According to the SEC’s Orders, the “quant models” were designed to be used, and were ultimately used, to manage, investments within variable annuities and mutual funds. Transamerica entities marketed the products and strategies which used the proprietary “quant model” from July 2011 through June 2015. In 2010, one of the Transamerica entities retained an analyst who, according to the order, lacked experience in portfolio management, and requested that he produce quantitative models to be utilized in implementing investment strategies. The Transamerica entities did not provide the analyst training or oversight as he developed the models. In 2011, the Transamerica entities had identified possible risks relating to the use of the models, but they nevertheless proceeded to launch ten products and strategies based on the models. The SEC also found that the Transamerica entities did not disclose to investors that the analyst tasked with the responsibility of designing the products lacked experience.
The SEC’s Orders also allege that the Transamerica entities began offering the product and strategies “without taking steps to confirm that the models worked as intended.” One of the entities, AEGON USA Investment Management LLC, served as the sub-adviser in implementing the models in clients’ accounts. AEGON allegedly neglected to adopt and implement a written model validation policy until July 2013, two years after the products and strategies were first offered. Ultimately, significant errors in the operation of the quant models were discovered by AEGON, who concluded the models were not fit for their intended purpose.
The disclosures regarding use of the models were also inadequate, according to the SEC’s Order.
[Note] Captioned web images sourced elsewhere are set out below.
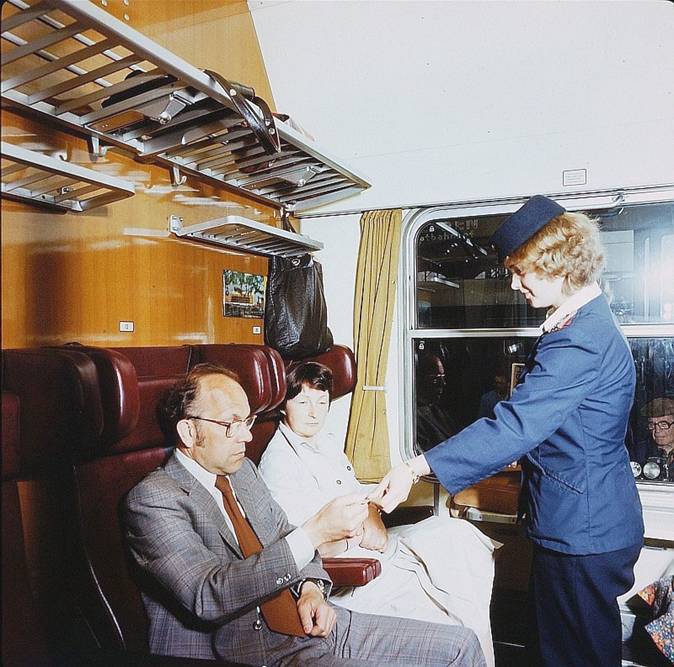 Фото из рекламного проспекта восточно-германских железных дорог. ГДР, 1980-е годы. По материалам Интернета. 
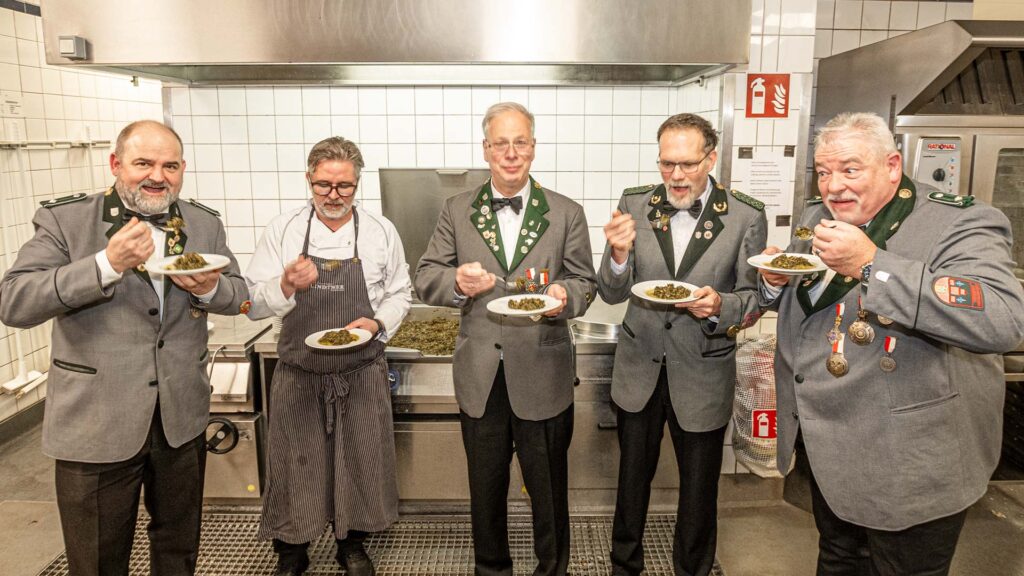 Bevor es ans Essen ging, wurde der Grünkohl getestet. | Foto: Niels Kreller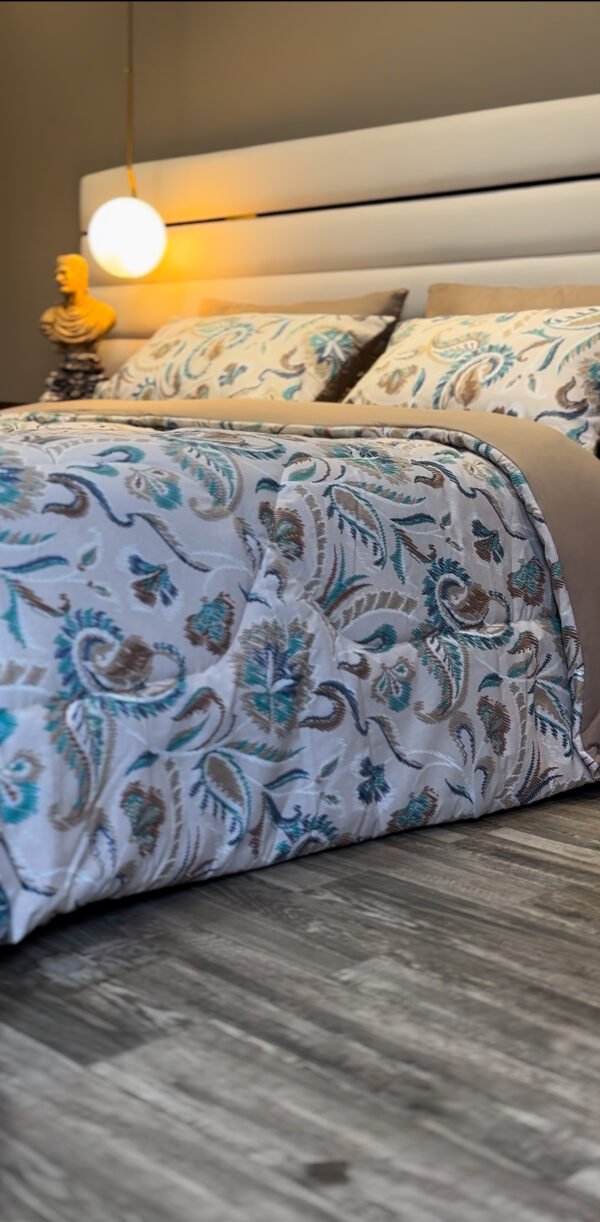 IMG_5685 Couette 2 Places Reflets d’Iris – Harmonie Beige et Bleu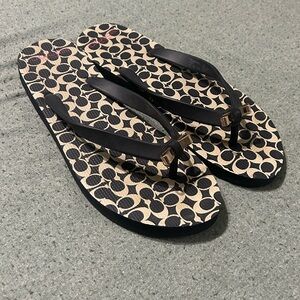 COACH Flip Flops/ Sandals with Signature logo and Gold Metal Bow (sz:7/8)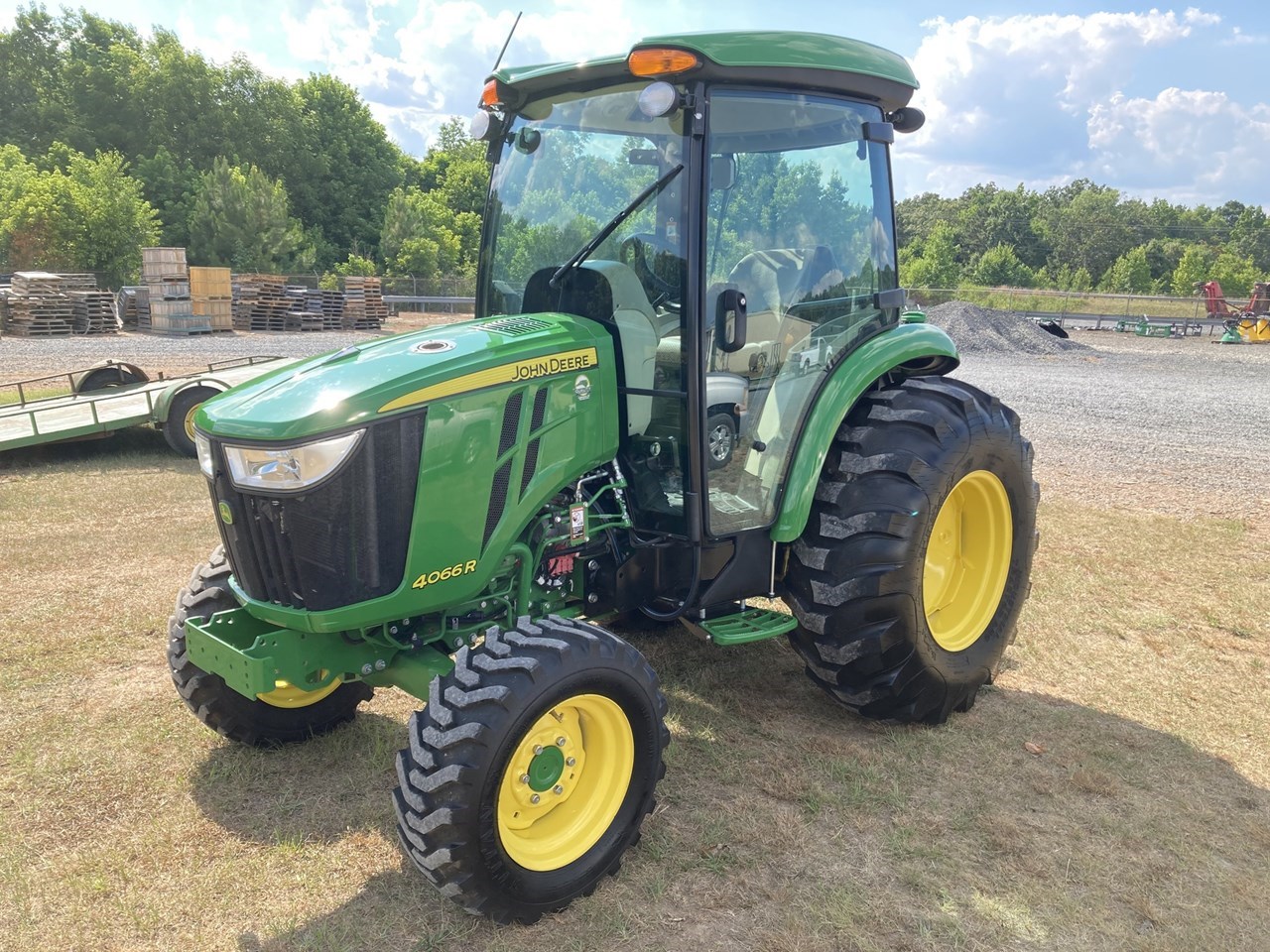 2016 John Deere 4066R Tractor - Compact Utility For Sale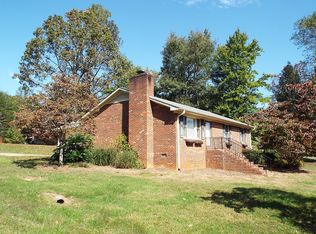 6220 Stanleyville Dr, Rural Hall, NC 27045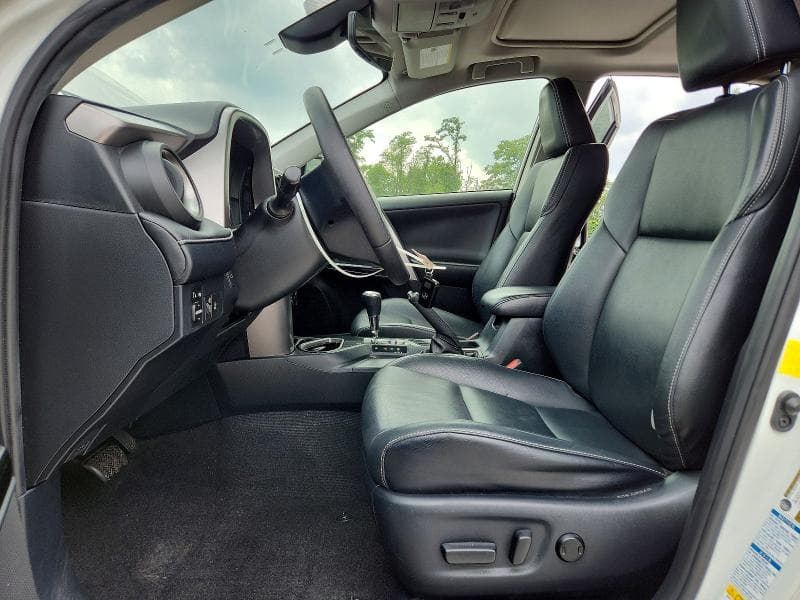 2017 TOYOTA RAV4 HV LIMITED 7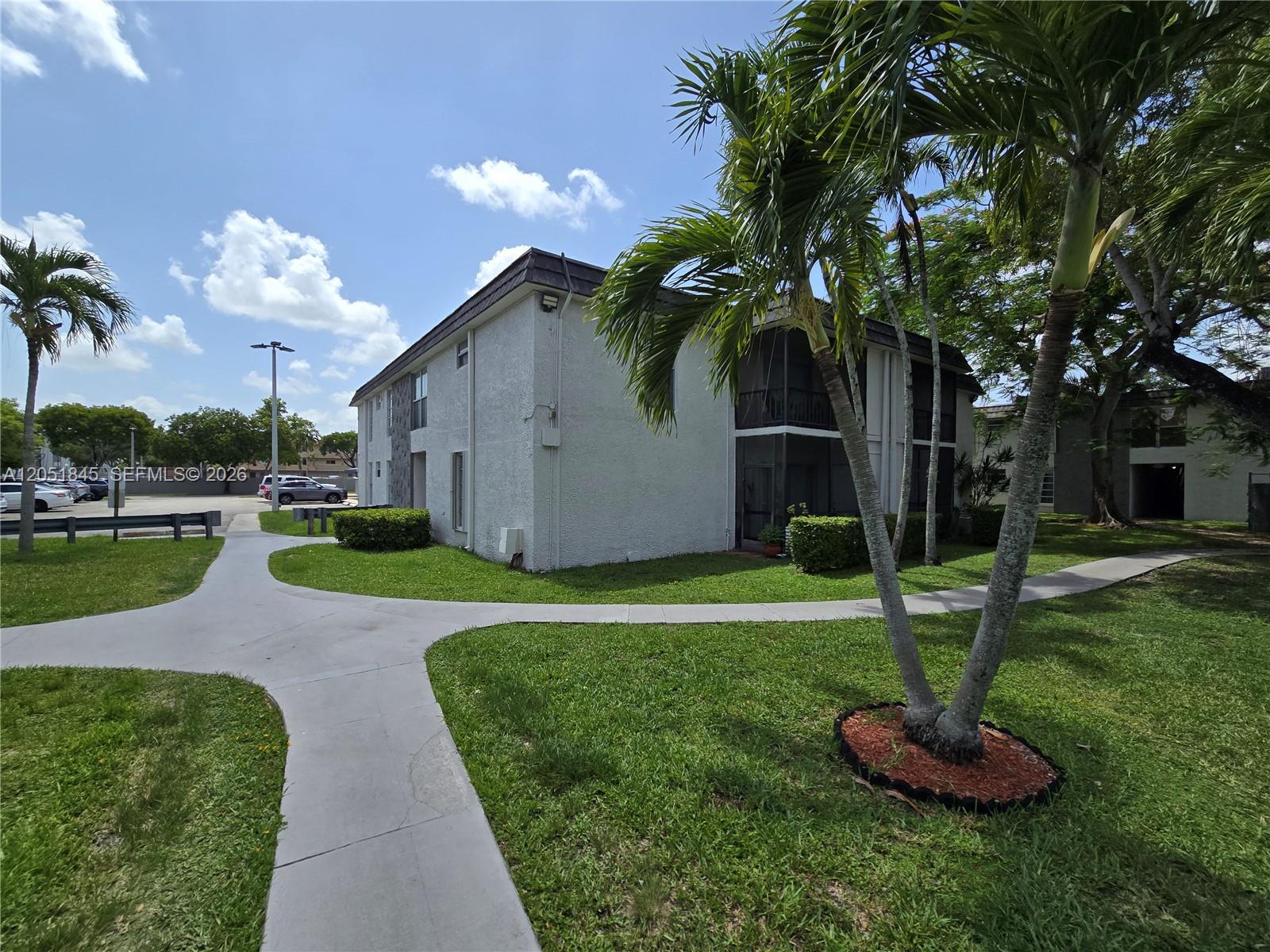 10375 N Kendall Drive J7 Property Photo 3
For example, the products’ prospectuses did not mention use of the models at all until March 2014. By that time, the Transamerica entities discovered crucial errors in the models. Likewise, the strategies’ marketing materials never discussed any risks connected with using models.
Two of the Transamerica entities added so-called “Volatility Overlays,” which worked in tandem with the models to provide greater access to the equities markets and the possibility of larger appreciation during market upswings. However, one of the Respondent entities did not disclose that the models were being used in connection with the overlays, nor the risks associated with the use of the overlays. The SEC also found that another entity continued to describe the volatility overlays as merely “guidelines,” when in fact the overlays worked systematically to add equity exposure and therefore increase the risk to the portfolios.
The four Transamerica entities agreed to disgorge approximately $97 million to individuals who invested in their products and strategies. Beman and Giles, who were both found to have contributed to one of the entities’ compliance deficiencies, agreed to pay $65,000 and $25,000, respectively, in civil penalties.